12. Get to know other foreigners
Cultural integration is incredibly important. But let’s be honest. There’s nothing like speaking with someone else in your shoes or who’s from your home country. In Namibia, I formed a tight bond with a group of Peace Corps volunteers. Hanging with them was like opening up a care package straight from the States. So mingle with other expats too—they can be an excellent social and emotional support.
13. Prepare for sensitive situations
Thinking high school teach abroad jobs end with the day’s school bell? Think again. You’re also stepping into a mentorship role. Students might approach you for advice or confide in you about a touchy topic. There were many afternoons I’d leave class only to find students on my doorstep waiting for a private chat. You may not have a degree in psychology. However, there are useful resources online about how to sensitively address personal situations with students. It’s also a good idea to find out school protocol as well.
14. Make an effort to “live like the locals”
One of the best ways to get “in” with your colleagues as a teacher abroad is by showing a genuine interest in their culture. That’s why trying to learn the local language is one of the best things you can do. This approach during teach abroad opportunities makes your fellow teachers respect you more. They will really appreciate your effort. This is all the stuff beautiful friendships abroad are made of and that’s how to get a job teaching abroad and nail it!

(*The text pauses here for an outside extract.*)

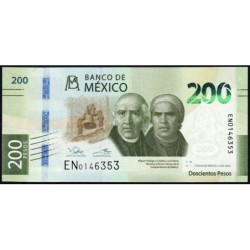 Mexique - Pick 135h_2 - 200 pesos - Série EN - 01/06/2022 - Etat : NEUF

15. Pack a lotta flexibility
I can’t stress this enough! You are going to be teaching in a school system that’s likely very different from your own. You probably won’t like the way certain things are done. But frankly, there’s not much you can do to change it all. You can introduce different methods that may or may not be accepted. And you can also drive yourself crazy with resistance to the unpredictability and nuance of your new job.
My advice? As long as they’re safe, roll with things. Be flexible and open to your new environment. This is all part of cultural adjustment + a lesson in how everything in life won’t always go your way.
Embrace growth and ride the wave
You might have noticed undertones of adaptation, learning, self-reflection, and trial and error in this article on becoming a teacher abroad. Yep—those are gonna be central themes of your teaching abroad experience. But don’t feel discouraged. The truth about teaching abroad is that it’s often as much of a learning experience for you as your students. You should also understand that there are endless things to know before teaching abroad.
And while you won’t be able to perfectly prepare for every single one, know that you will walk away with some amazing memories, lifelong friends, and a more well rounded culturally adaptable personality. Live by these things to know before teaching abroad and the blessings of opportunities to teach abroad will follow you wherever you go.